Childhood has changed rapidly over the past few years and the methods that teachers or educators use for children and young people should reflect these changes. Children learn best and most when they enjoy what they are doing. Using animation as a tool to encourage and develop children’s learning is not only fun but effective. By using animation, children develop skills competencies in storytelling, visual communication, cognition, emotional, ethic and aesthetic aspects, observation and sensory aspects, concentration and problem-solving and innovative aspects.
1.2 Statement of Problems
The problem in the current system is the use of static materials. Static materials involve concrete objects or images that don’t appear to change position. This problem of these static images to children is that they do not improve the creativity of the children and thereby making learning not quite interesting and boring to a child.
1.3 Aim and Objectives of the Study
The aim of this research is to develop a computer animation for nursery pupils.
The objectives of this research are as follows:
To introduce graphics to the pupils as a good educational instructional material to enhance learning.
Developing an animation of the existing method so as to prepare children to welcome and face the future with smile and confidence.
Explore design consideration involved in the development of effective animated materials for learning.
To demonstrate the use of C# programming language as a good educational technology in enhancing learning.
Illustrate the cognitive effects of animated learning materials used in a classroom.
The basic method used in this project involves using a waterfall model. The major tool used in accomplishing the building of the software is Microsoft Visual C# – Winforms Application because of its event driven nature.
1.5 Significance of the Study
The significance of this study is therefore to adopt computer technology which illustrates with graphics and animations, playing with human voice an instructional material designed to aid the retention and assimilation of a child thereby creating a joyful, interactive and interesting environment for a child to learn through illustrations, examples and interactive tools particularly designed to emphasize on the hard spots of the regular curriculum
1.6 Scope of the Study
The scope of this research is to develop computer animation for early childhood only. It does not cover toddlerhood, middle childhood and adolescence and adult.
1.7 Limitation of the Study
This research work is limited to animation of animals using alphabets A-Z, roman numerals of number 1 – 1000 and human anatomy.
1.8 GLOSSARY OF TERMS
LABEL: A Label object is a component for placing text in a container.
SCENE: A scene is used to organize a document in an ordered manner.

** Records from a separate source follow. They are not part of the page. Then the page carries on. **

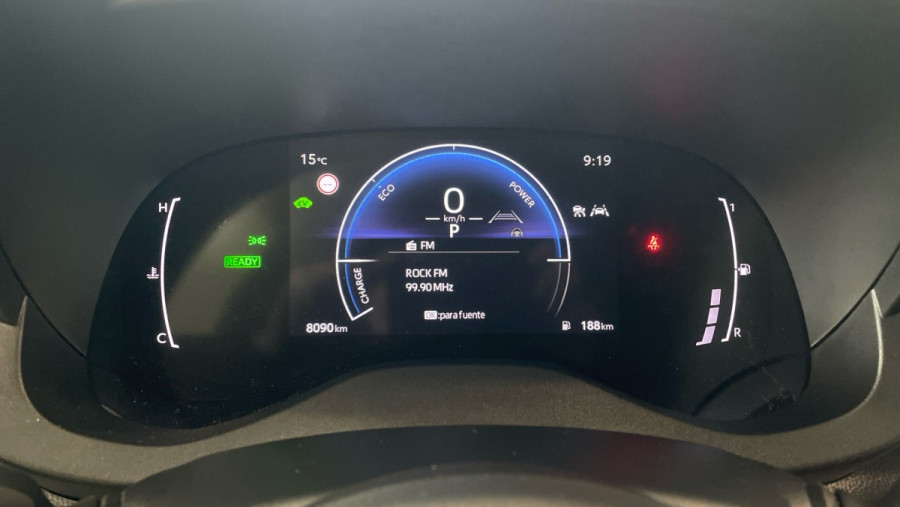 Imagen de Mazda Mazda2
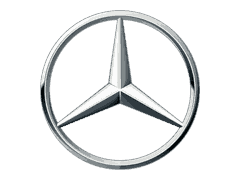 Mercedes-Benz-service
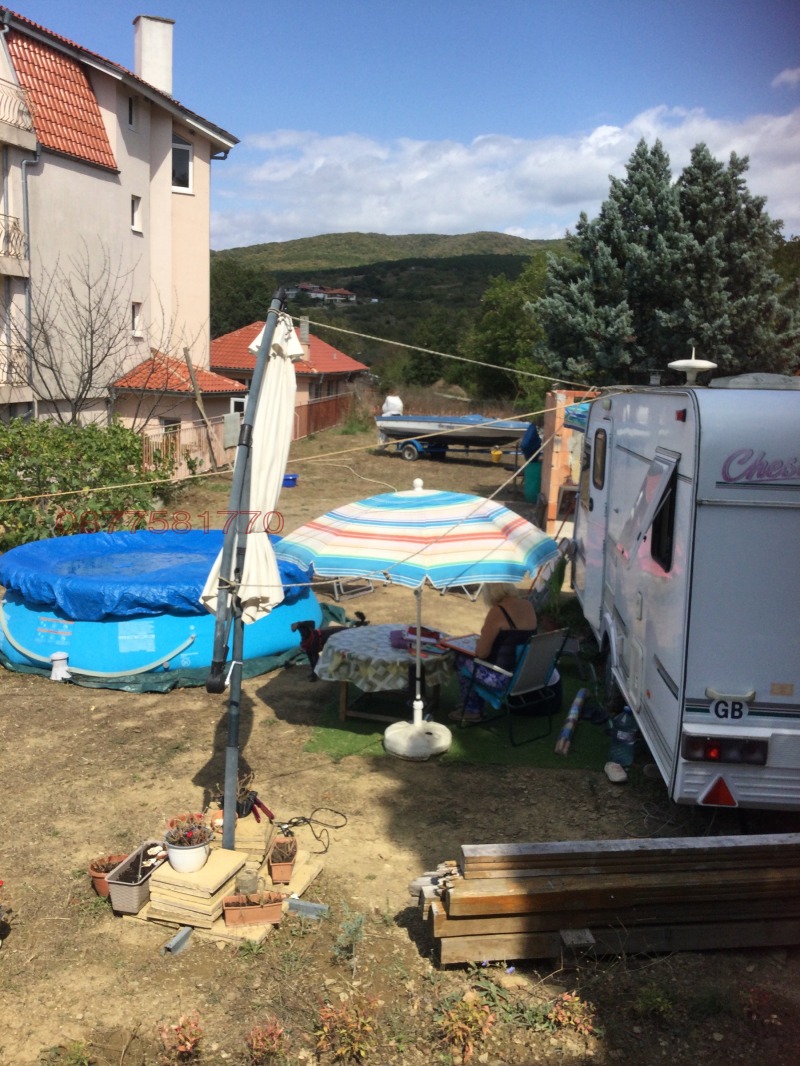 Дава под наем МЯСТО, к.к. Слънчев бряг, област Бургас, снимка 8 - Парцели - 52783948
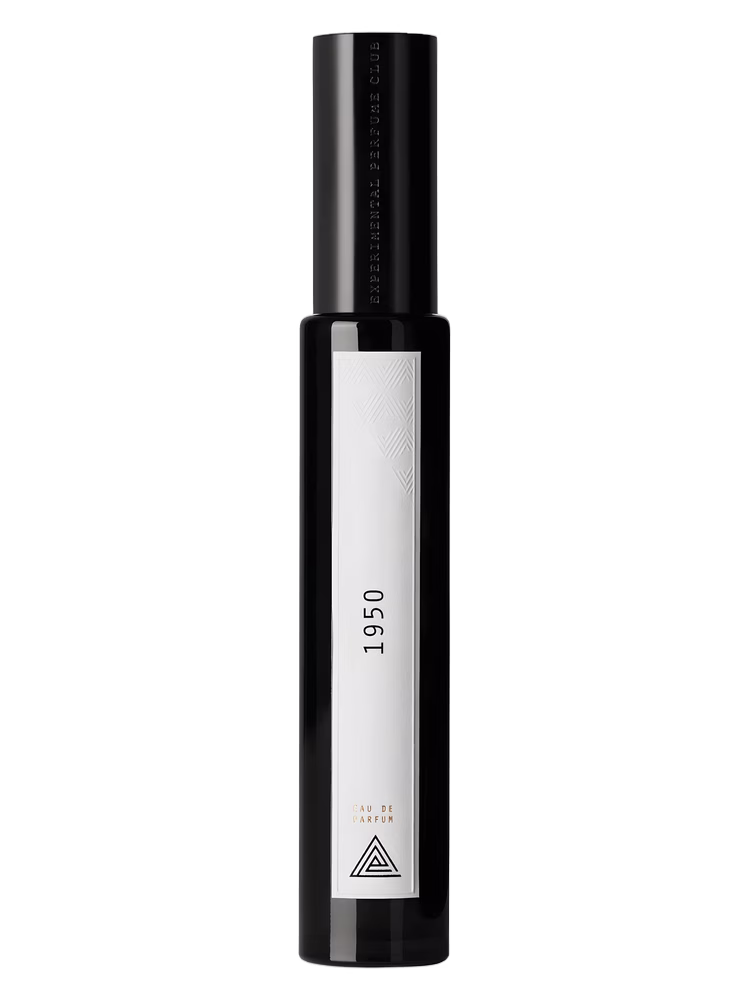 EPC Experimental Perfume Club 1950 Limited Edition Blends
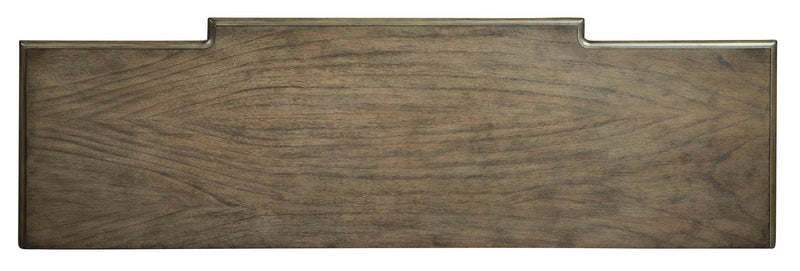 Entertainment Console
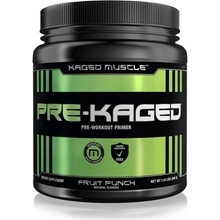 Kaged Muscle PRE-Kaged 588 g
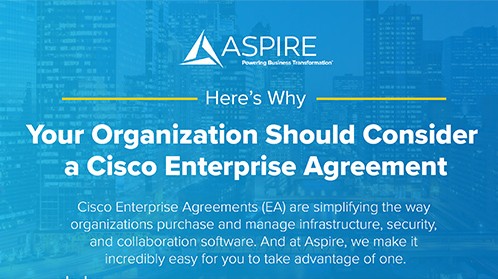 Cisco Enterprise Agreements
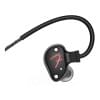 FENDER IEM Nine 1 Black Metallic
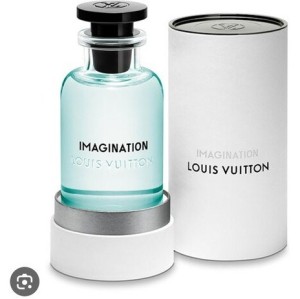 عطر ایمجینیشن از برند لویی ویتون Louis Vuitton Imagination - دست ساز 30 میل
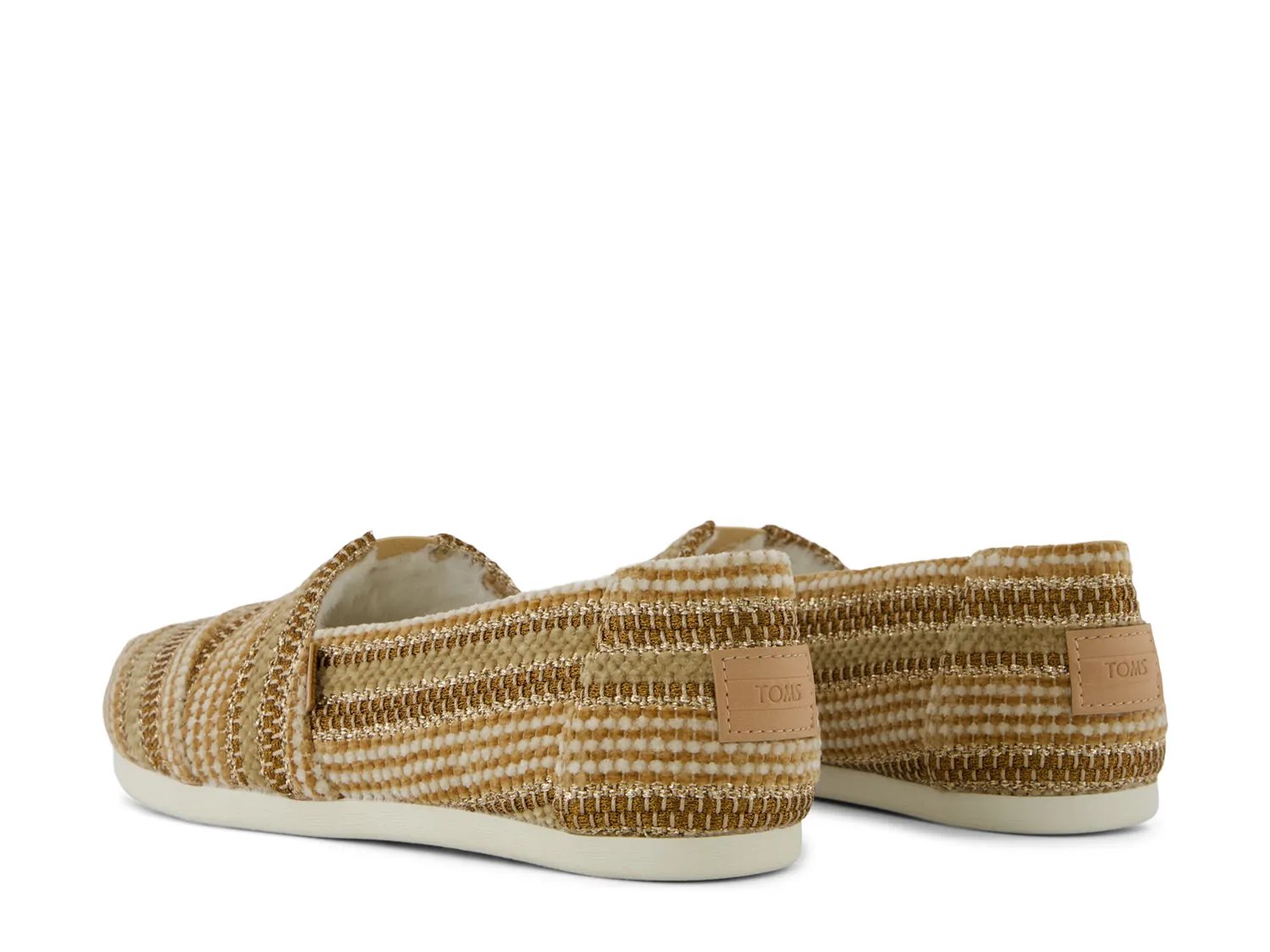 Alpargata Slip-On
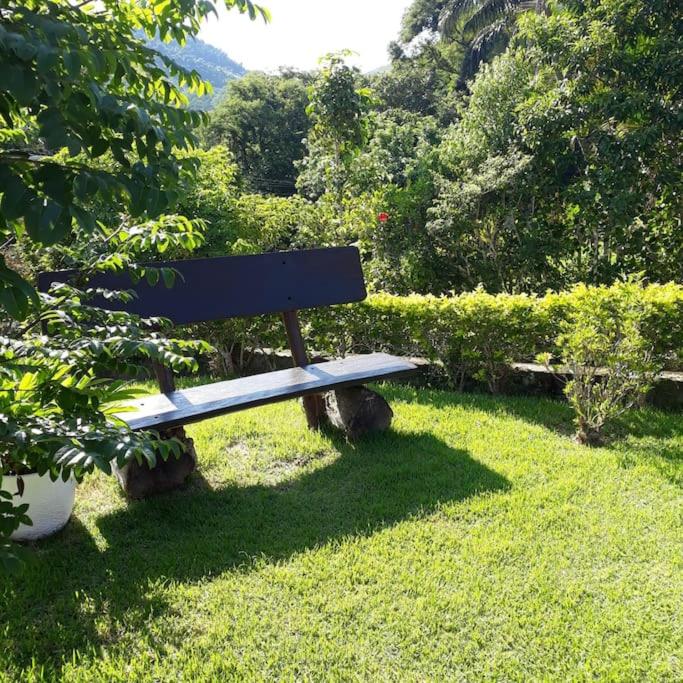 Villa Monni - Miguel Pereira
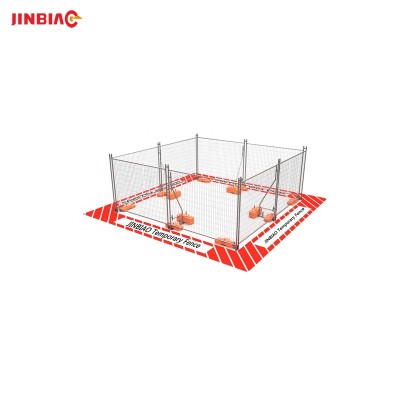 Cheap temporary pool fence Chinese supplier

STAGE: The Stage is where animation and images appear. It represents the visible area of the project that is been worked on.
ANIMATION: The technique of making inanimate objects or drawings appear to move in motion pictures or computer graphic.
THREAD: A thread is a program’s path of execution. In this project it is used to control the time in playing the sound for each scene.
SYMBOLS AND INSTANCES: A symbol is a reusable object that serves as a master from which copies of the same object can be created. An instance is a copy of the original symbol. An object’s instance color, size, shape, and position can be altered without it affecting the original symbol.
FRAME: A frame is used to organize and control the content of one’s document.